Is rhyming of two words a transitive property?

Let's suppose A rhymes with B and B rhymes with C. Does A always rhyme with C?


Except in the technical case of equivocal words (where a single word has multiple pronunciations). If B was an equivocal word, it could rhyme with both A and C, yet A and C would not rhyme. For example:

A = taxes
B = axes
C = taxis

In this case, B is the plural of axe to rhyme with A, and the plural of axis to rhyme with C, but A and C do not rhyme.

(Some might argue that this shouldn't count, because B is really two words, not one. Fair enough; I did mention this counterexample was a technicality that breaks the transitive property of rhyming. I still felt it was worth a mention.)
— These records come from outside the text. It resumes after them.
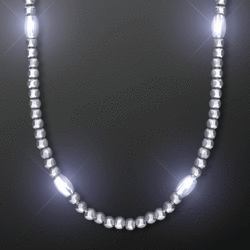 Silver Sparkle Glow LED Light Up Beaded Necklace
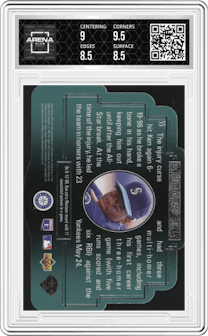 Ken Griffey Jr. from the 1996 Upper Deck SPx set graded by Arena Club and given an overall grade of 9.
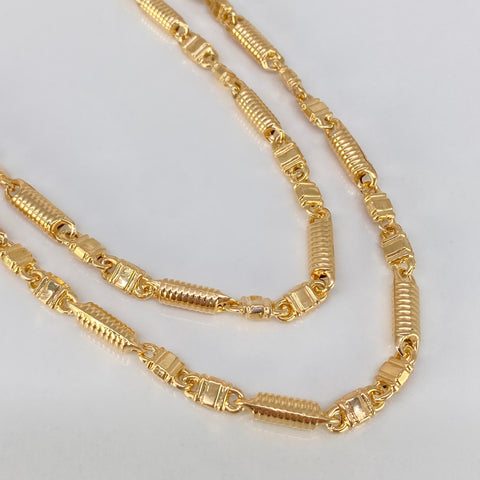 Cadena Rustica Eslabones Diamantados Oro amarillo 14,06 Gr / 4,2 mm / 60 Cm †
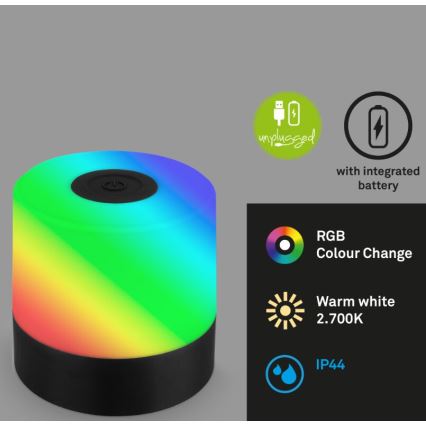Briloner 7462015 - LED RGB Laetav väli laualamp LED/1,5W/5V IP44 must
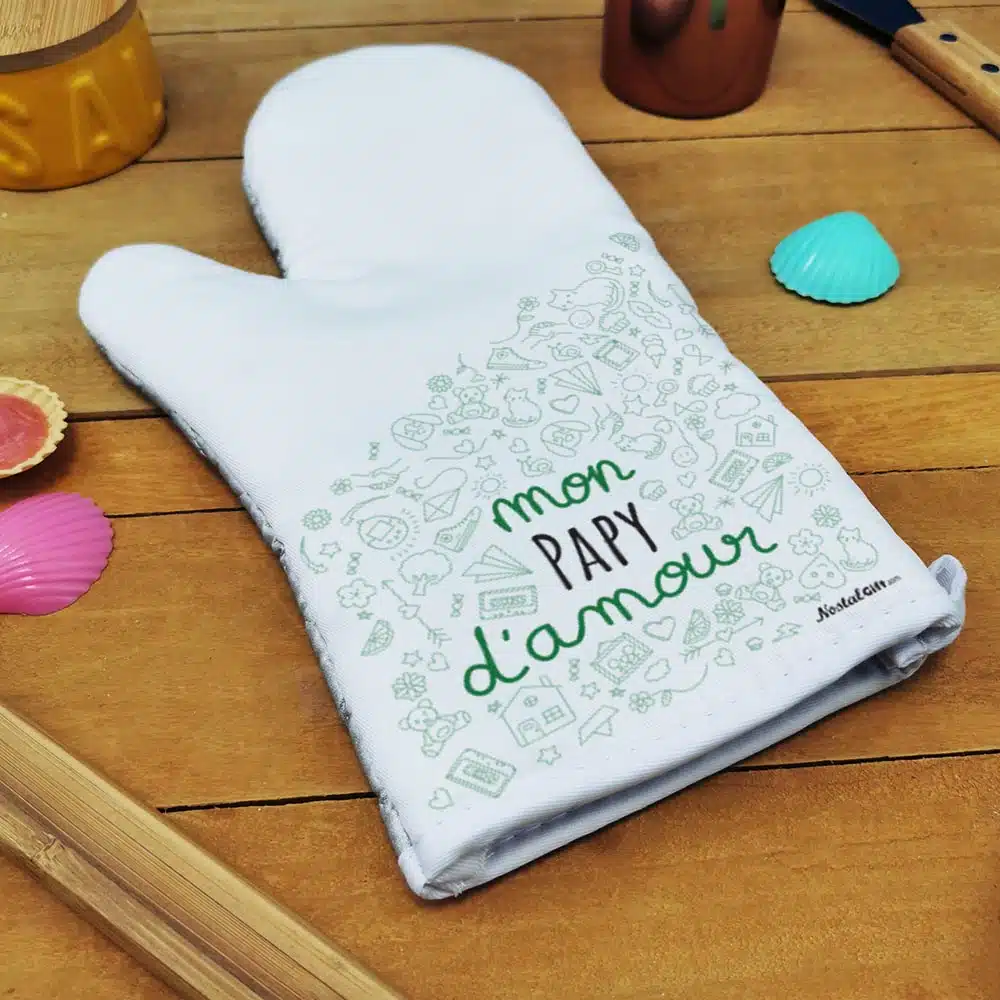 Manique droite cuisine “mon papy d’amour” – Cadeau pour la fête des grands pères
EDIT. Since I've been called on my counterexample in the comments below, I offer one more example to mull over:

A = dollop \ˈdä-ləp\
B = scallop \ˈskä-ləp, ˈska-ləp\
C = gallop \ˈga-ləp\

Most dictionaries list two pronunciations for scallop; one rhymes with A (dollop), the other rhymes with C (gallop).

Now, B isn't technically two words, but one - albeit with two pronunciations. Still, A rhymes with B, and B rhymes with C, but A doesn't rhyme with C.
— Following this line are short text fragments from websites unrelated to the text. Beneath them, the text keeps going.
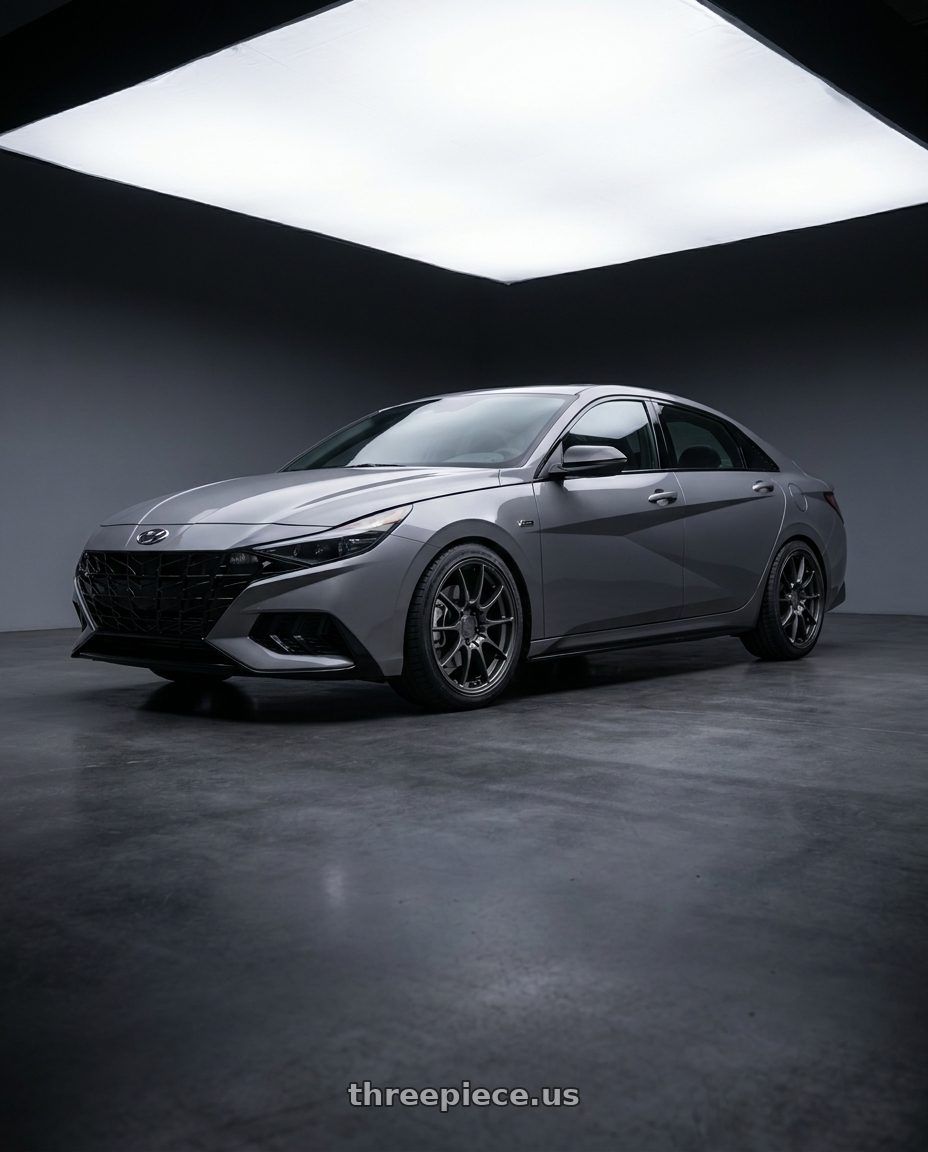 2023 Hyundai Elantra n line with Motegi MR152 SS5 5X114.3 18X8.5 +45 SATIN BLACK wheels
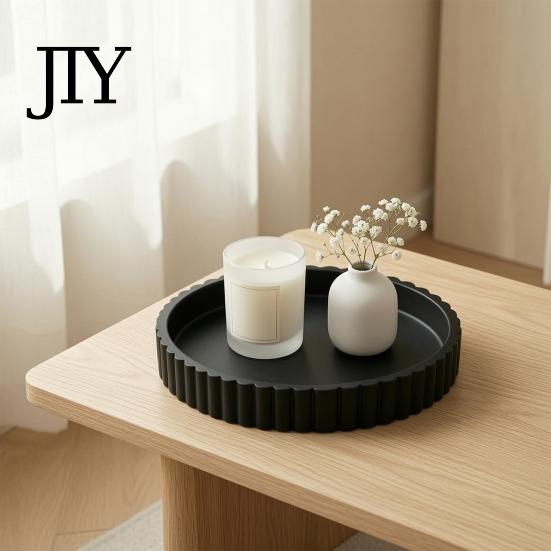 Jewelry Organizer Tray Round Decorative for Coffee, Dining Table, Countertop, 3D Printed Scalloped Aromatherapy Storage Edge Serving Farmhouse,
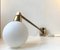 Scandinavian Modern Brass Swing Arm Wall Sconce with Opaline Sphere, 1960s, Image 5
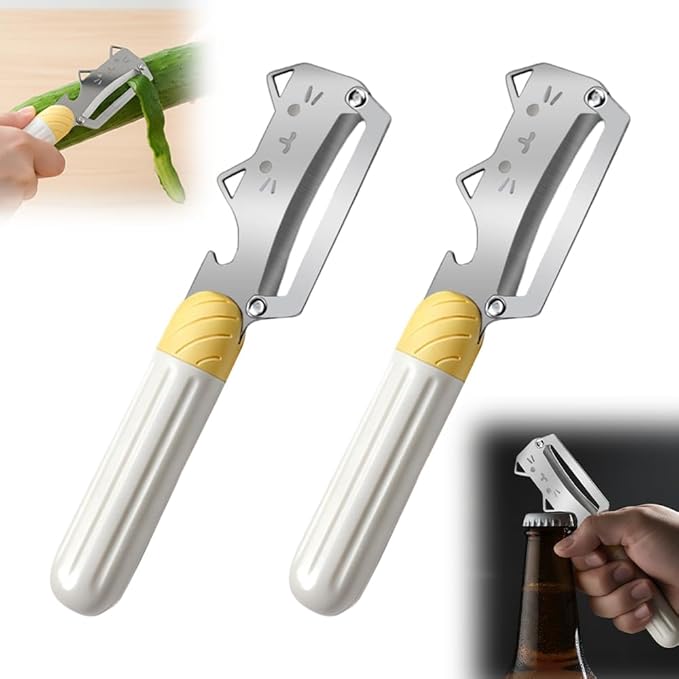 Thickened wooden handle fruit peeler, Stainless Steel Sharp Blades Carrot Potato Peeler with Wooden Handle and Bottle Opener Kitchen Tool for Fruit Veggie Pumpkin Papaya Zucchini (2 Pcs)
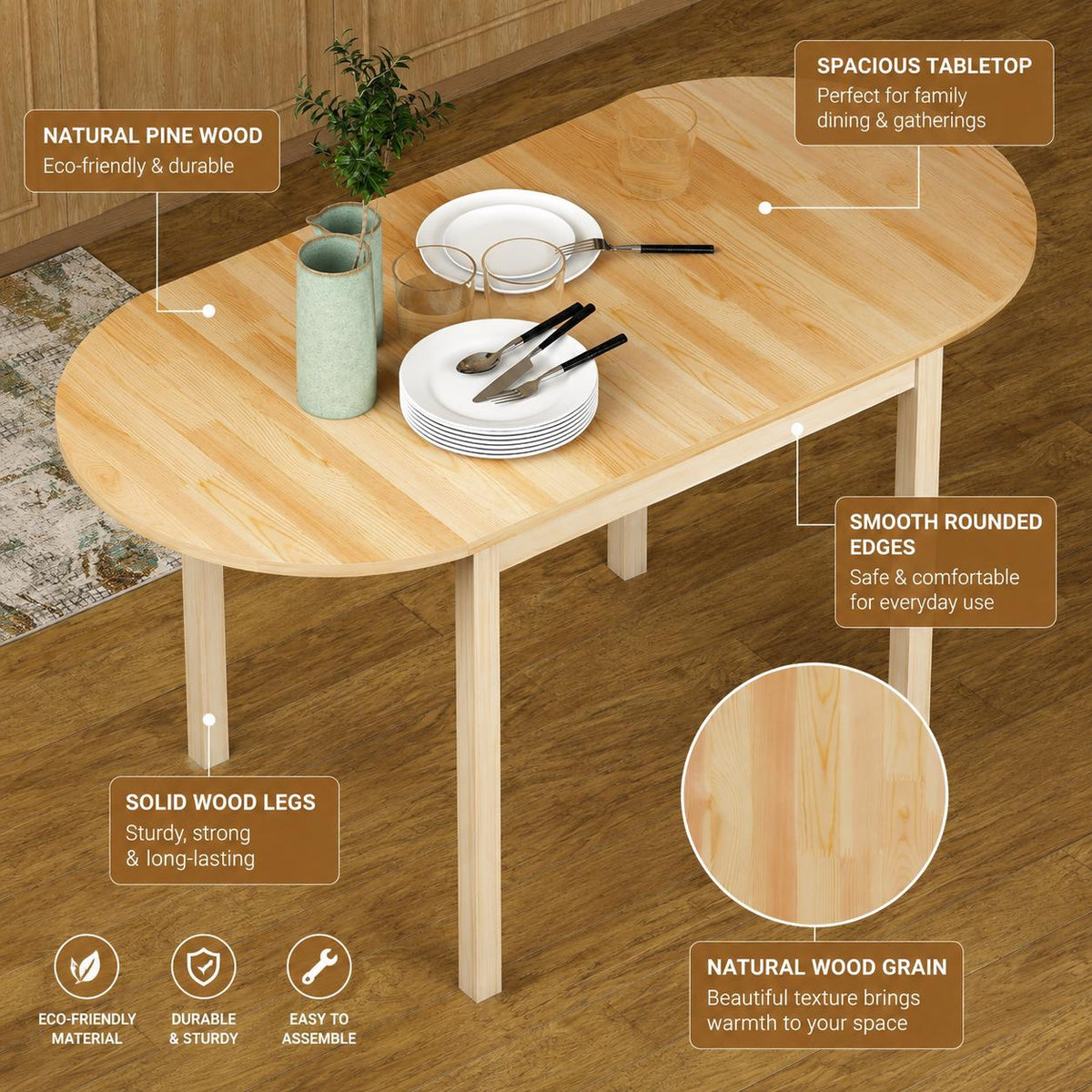 Solid Pine Drop Leaf Dining Table – Expandable Space Saving Kitchen Table for 4–6 People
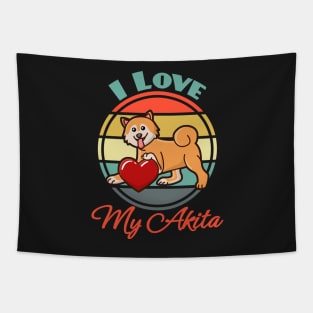 I Love My Akita Inu Dog puppy Lover Cute Sunser Retro Tapestry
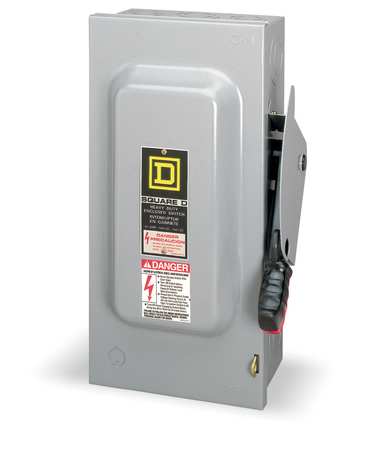 Fusible Single Throw Safety Switch, Heavy Duty, 240V AC, 2PST, 200 A, NEMA 1 -  SQUARE D, H224N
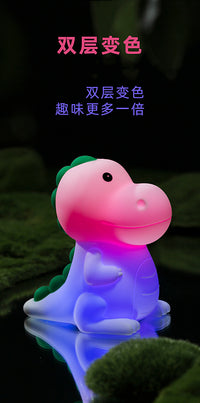 恐龙硅胶灯卡通儿童充电礼品调光拍拍灯可爱解压双重变色氛围夜灯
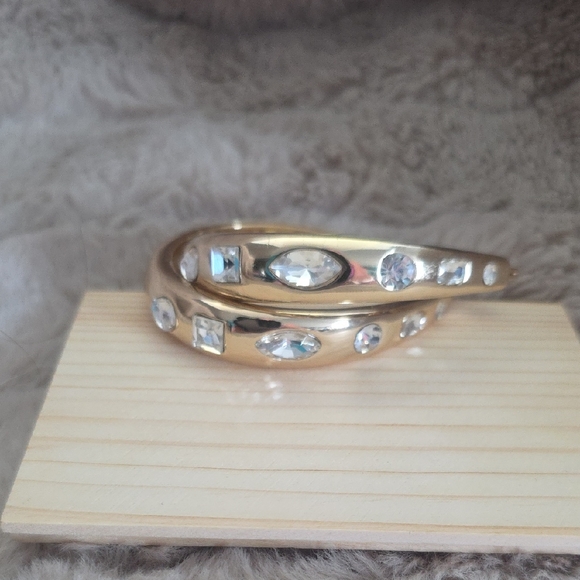 Nine West Jewelry - Bundle For Rumari Nine West Large Hoop Gold Crystal Earrings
So, as the O.P. asked, "Does A always rhyme with C?"


Yes. "A rhymes with B" is a relationship of sameness; that is, a certain part of A is the same as the corresponding part of B. The mathematical term for this is an "equivalence relation", which is always reflexive (everything rhymes with itself), symmetric (if A rhymes with B, then B rhymes with A) and transitive.


If you're talking about perfect rhyme, the answer is no. The pair obtain and remain are a perfect rhyme, as are retain and remain, but obtain and retain do not form a perfect rhyme, since they both end with -tain, and the vowels before -tain are different. If you want rhymes to be transitive, you have to allow identical rhymes (see link above) and say that a word rhymes with itself.